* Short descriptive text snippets
--
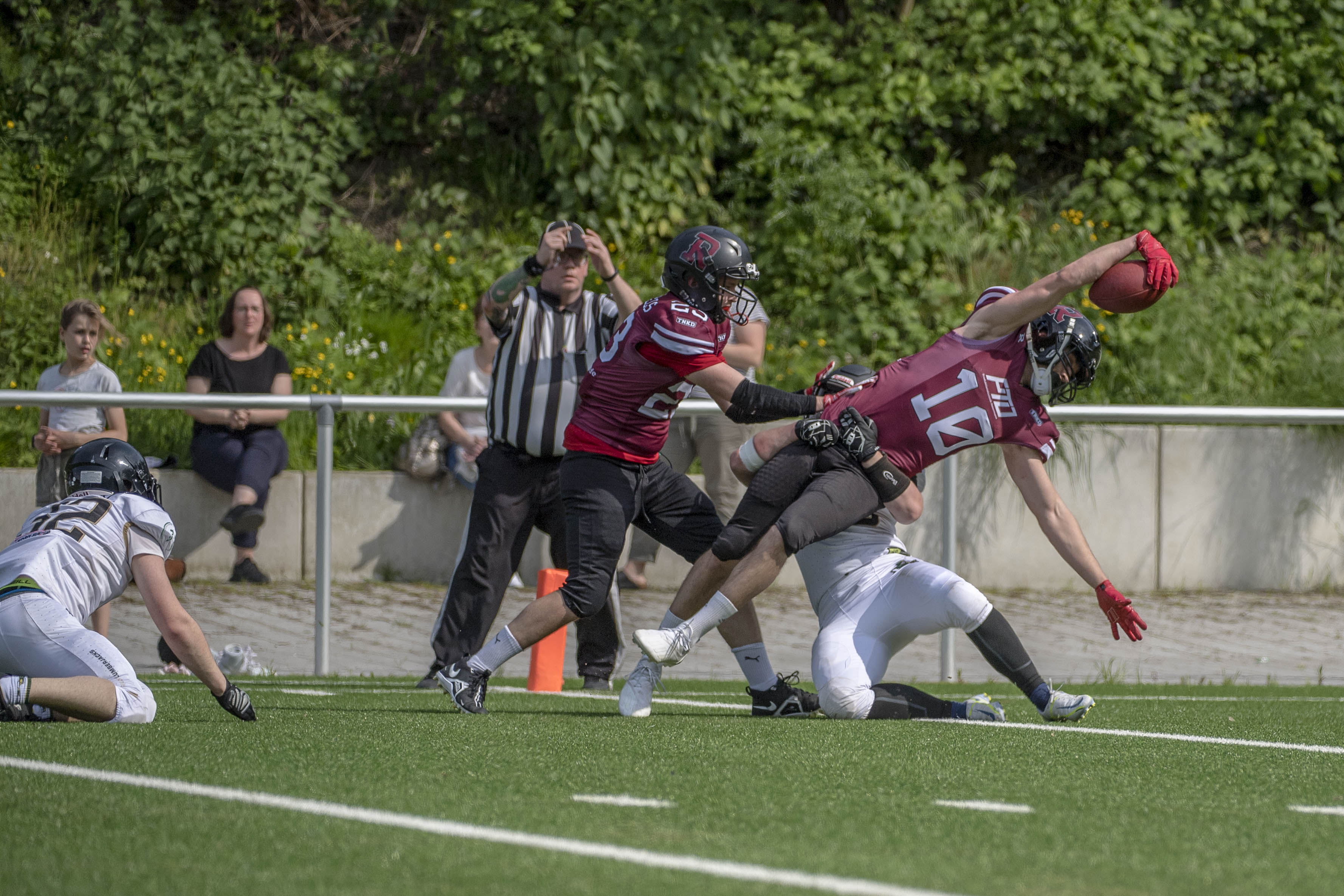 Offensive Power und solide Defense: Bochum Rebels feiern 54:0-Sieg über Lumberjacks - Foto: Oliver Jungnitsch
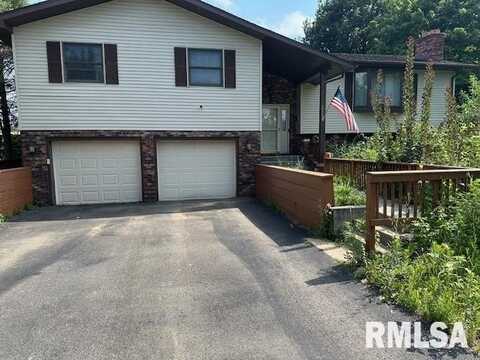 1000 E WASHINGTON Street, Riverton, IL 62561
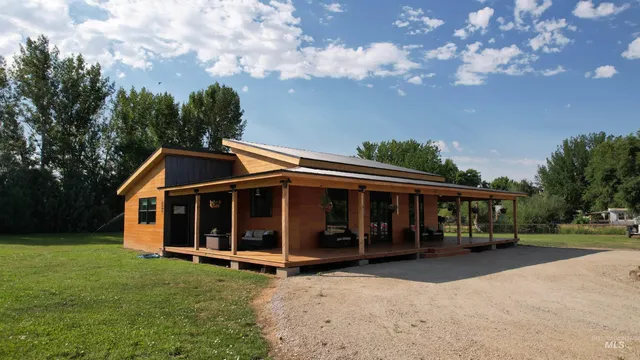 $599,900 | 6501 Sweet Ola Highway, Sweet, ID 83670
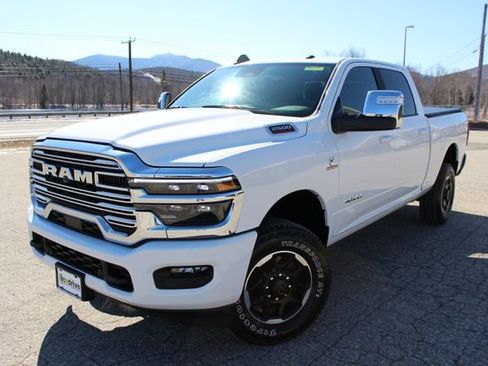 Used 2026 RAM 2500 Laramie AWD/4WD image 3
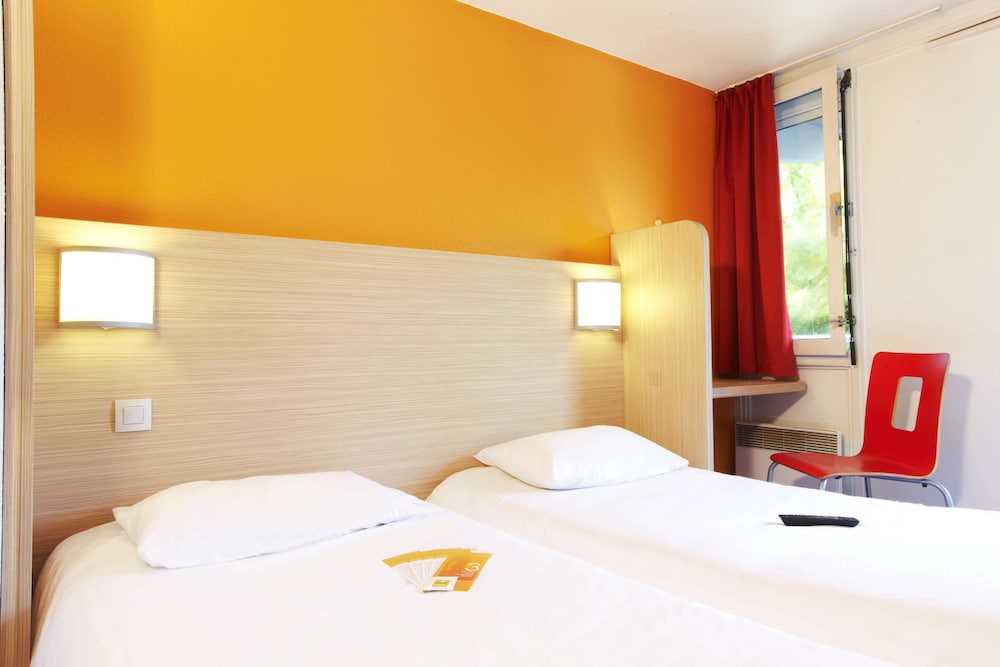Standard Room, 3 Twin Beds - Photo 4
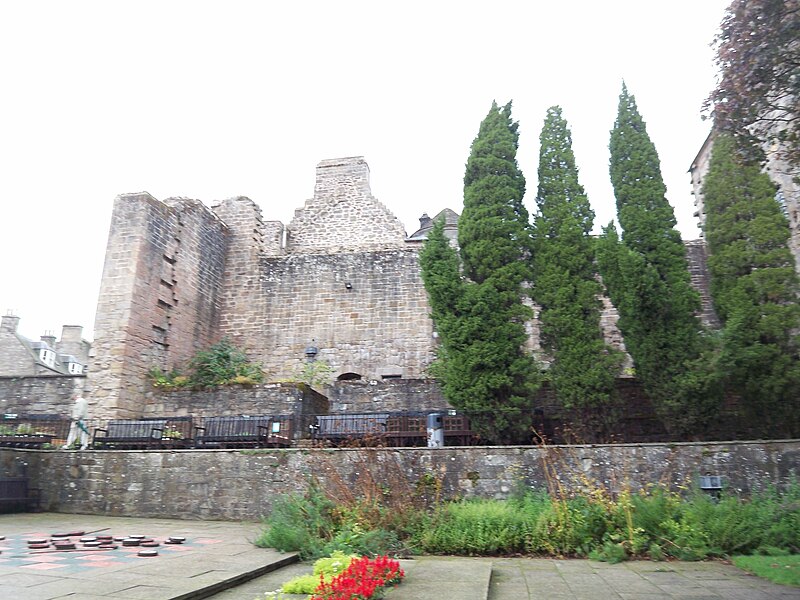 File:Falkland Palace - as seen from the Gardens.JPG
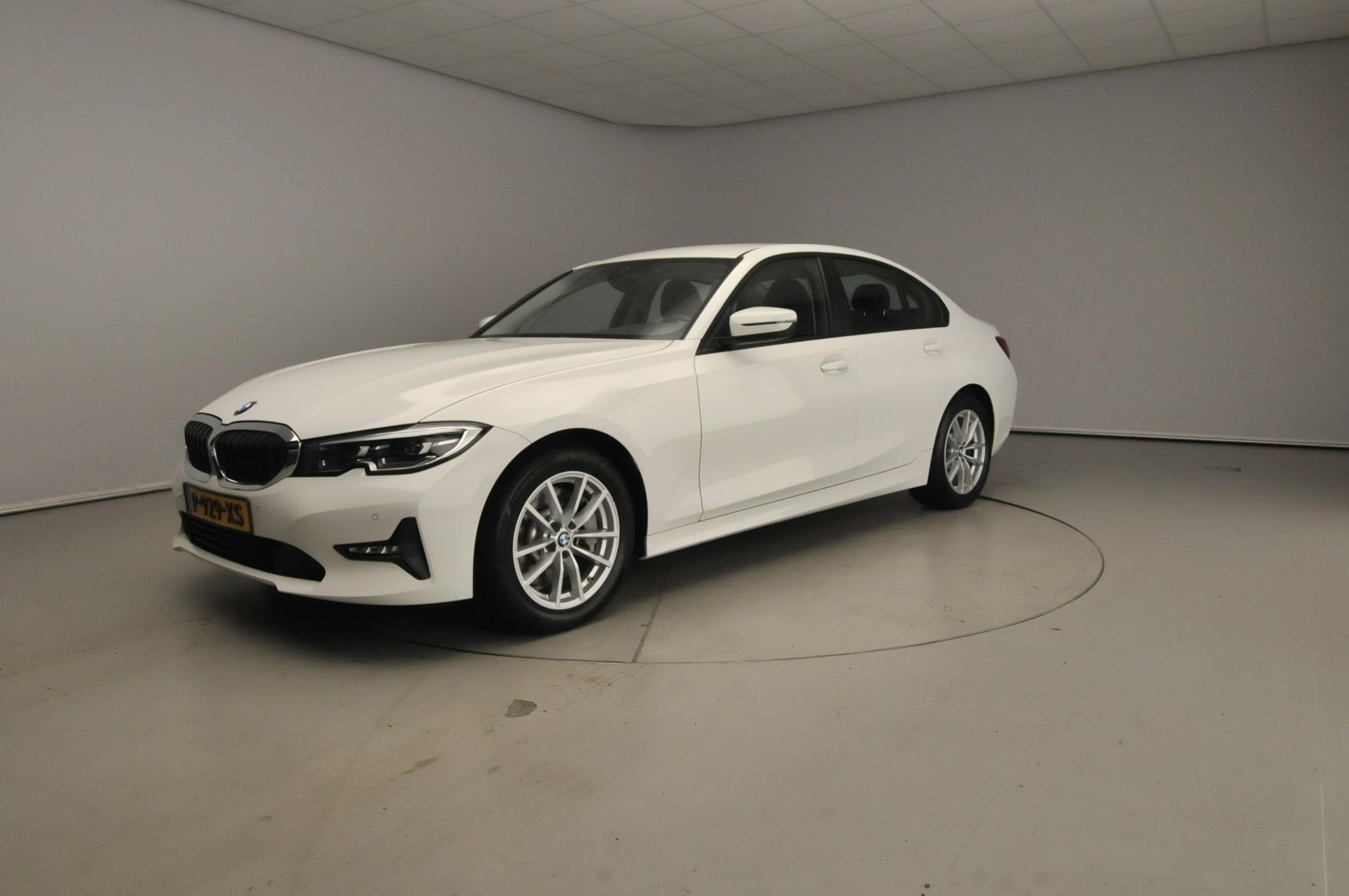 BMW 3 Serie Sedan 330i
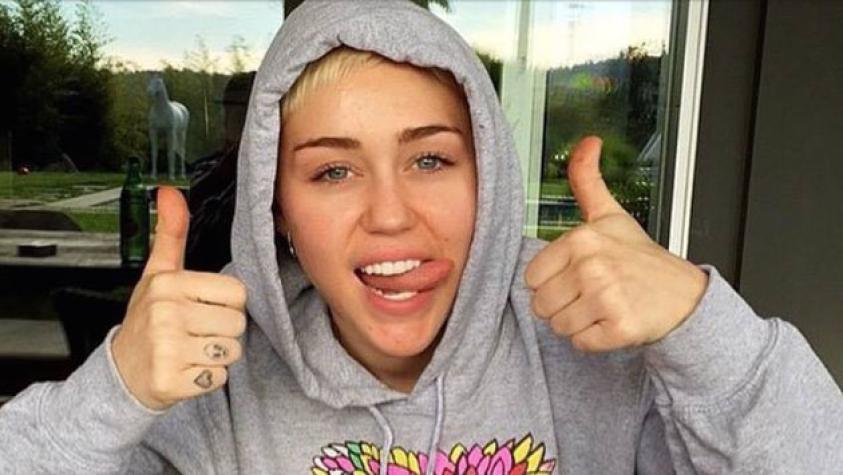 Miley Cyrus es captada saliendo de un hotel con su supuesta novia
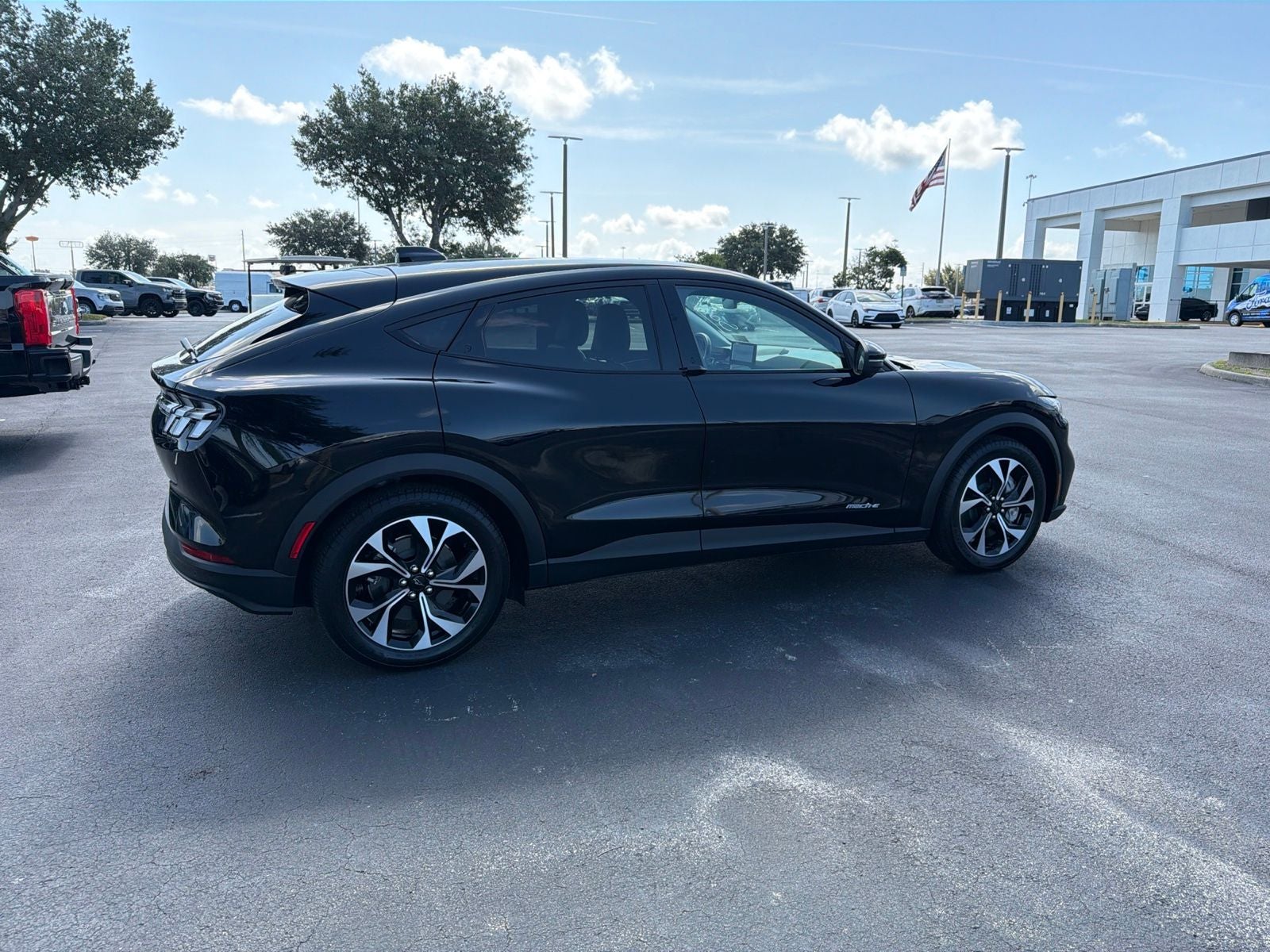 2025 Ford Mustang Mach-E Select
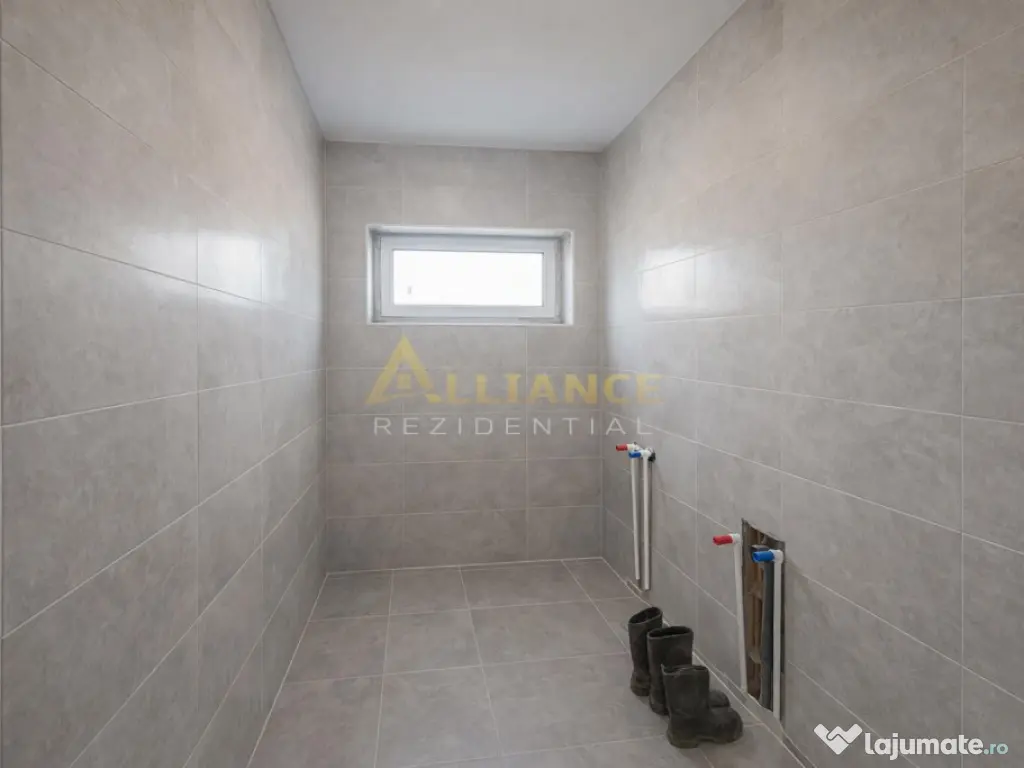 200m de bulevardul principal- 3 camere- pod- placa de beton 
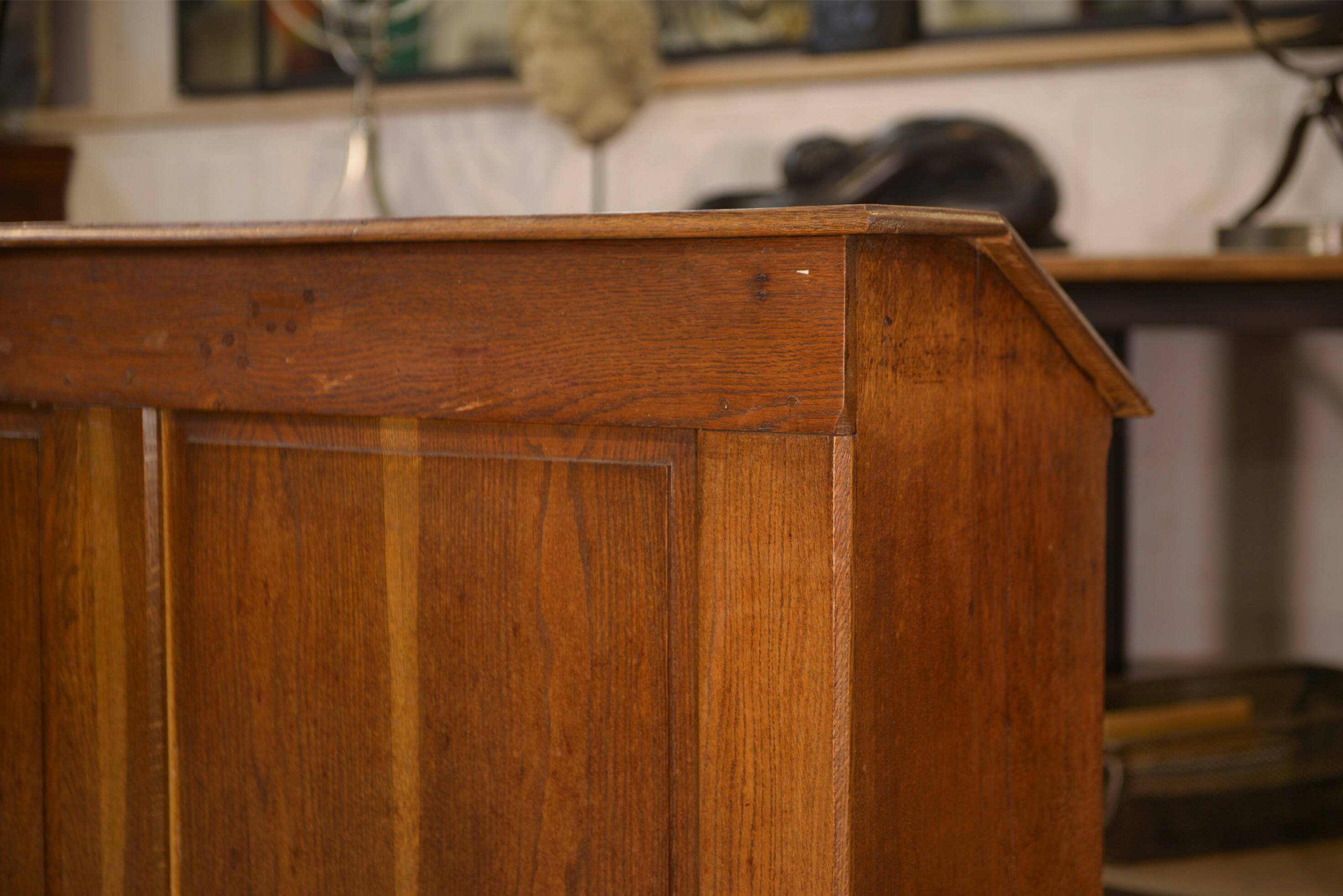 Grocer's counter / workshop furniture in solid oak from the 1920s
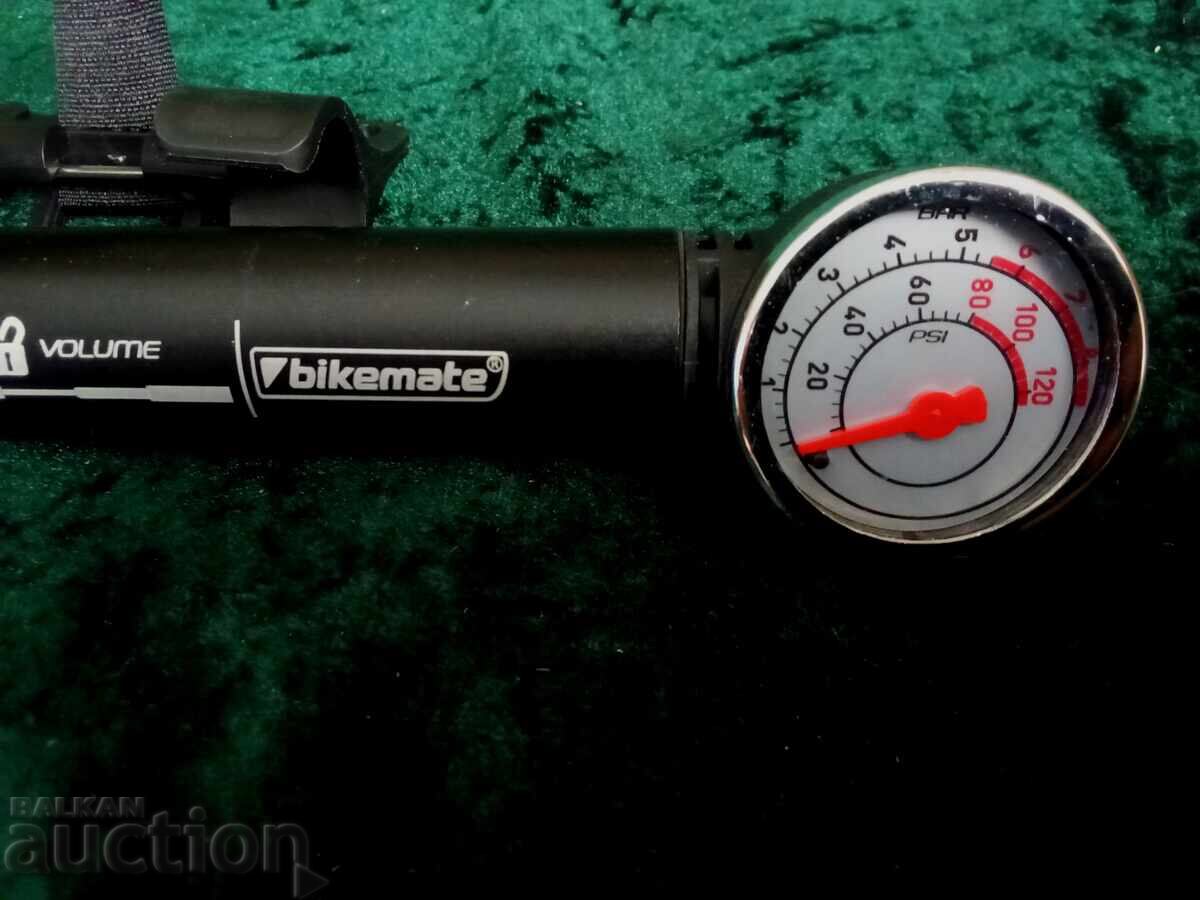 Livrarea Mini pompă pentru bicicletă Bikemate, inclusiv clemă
--
* YOUR TASK
Repeat each entry exactly as given; no pictures belong in the copy.

* EXERCISE RESULT
 Offensive Power und solide Defense: Bochum Rebels feiern 54:0-Sieg über Lumberjacks - Foto: Oliver Jungnitsch
 1000 E WASHINGTON Street, Riverton, IL 62561
 $599,900 | 6501 Sweet Ola Highway, Sweet, ID 83670
 Used 2026 RAM 2500 Laramie AWD/4WD image 3
Standard Room, 3 Twin Beds - Photo 4
 File:Falkland Palace - as seen from the Gardens.JPG
 BMW 3 Serie Sedan 330i
 Miley Cyrus es captada saliendo de un hotel con su supuesta novia
 2025 Ford Mustang Mach-E Select
 200m de bulevardul principal- 3 camere- pod- placa de beton 
 Grocer's counter / workshop furniture in solid oak from the 1920s
 Livrarea Mini pompă pentru bicicletă Bikemate, inclusiv clemă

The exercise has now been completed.